During today’s travels I was reading the latest edition of The Monthly. Don Watson’s clever and acerbic words regarding the government’s handling of dual citizenship and refugees, beautifully illustrated hypocrisy and lack of integrity. It is not quite on the scale of Trump but comparisons can be made.
A doctor by trade, Karen Hitchcock is an excellent writer and sometimes reaches into my soul. The way she described the boredom and burden of jobs and the routines of life, took me back to the last couple of years of my teaching. The same old battles occurring day after day become wearisome but then there’s a moment of brightness that sustains you for some time again. I’m not sure if I want to return to schools full-time after uni. I’m looking for a change. Perhaps working at universities is the way I’ll go. Watch this space, I suppose.
The last article I read today was by Noel Pearson about the government’s rejection of the Uluru Statement from the Heart. I wasn’t looking forward to reading this one, the way we Australians treat our first people is the way we treat toenail fungus: ignore it as long as we can, hope nobody notices it, finally buy some cream to treat it, don’t apply the cream often enough, but somehow it disappears anyway. I was ready to hear Noel Pearson vent his anger and frustration but instead I felt his hurt and disappointment, in Turnbull, Abbott and every PM since and including Howard. But also in himself.
A friend recently asked me how I felt about shifting the date of Australia Day. I’m in favour of it and voted for triplej to shift the Top 100 Countdown accordingly. My friend didn’t agree, on the basis that moving a date to satisfy a small percentage of the population could (and probably would) upset another portion of the population. I didn’t think at the time why this argument didn’t work for me but as I drove home it dawned on me. The indigenous people of Australia are not just a percentage of the population, they are the first people of our nation, they are the most victimised of our nation over time. I have respect for Paul Keating’s Redfern speech, 10 December 1992 (for the Year of Indigenous People in 1993). I’m pleased Kevin Rudd said ‘Sorry’ in 2008. But now we need to put action behind these words before they become hollow in the face of horrific statistics continuing to indicate the mistreatment, poor health and poor education of the maligned indigenous people of Australia.

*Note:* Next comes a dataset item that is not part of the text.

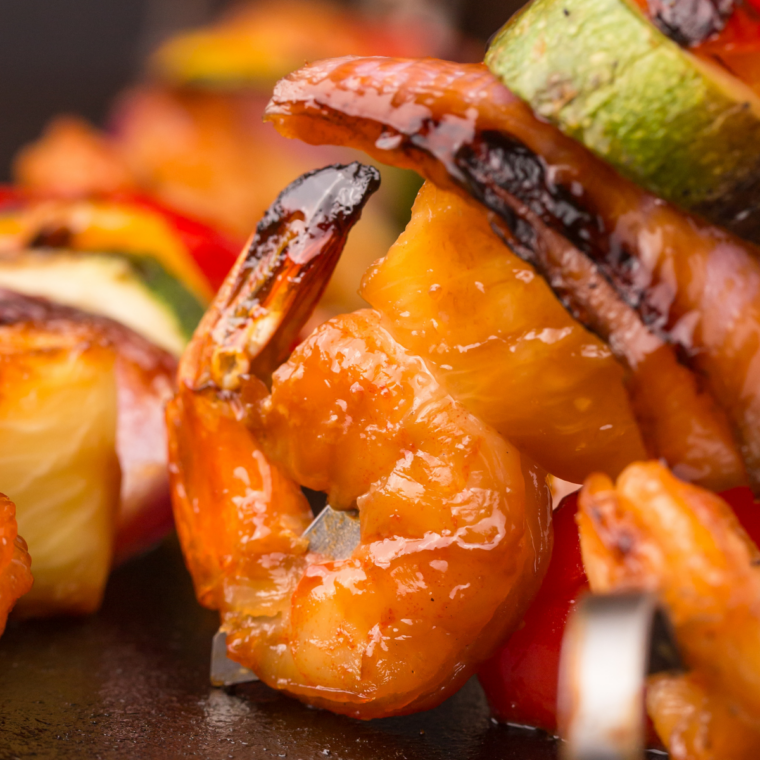 Blackstone garlic butter shrimp sizzling on griddle with lemon and parsley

So here I am in New Orleans, a city with a history of a blend of people from a range of different places in the world. Already we have sat in the hotel bar full of middle class white patrons with all the workers around us being not-white, except one. It made me uncomfortable. I feel powerless to change anything here in the US but back home I could be doing more. My business name is Think Learn Act. I think and I learn but I need to act more. I’m just unsure how.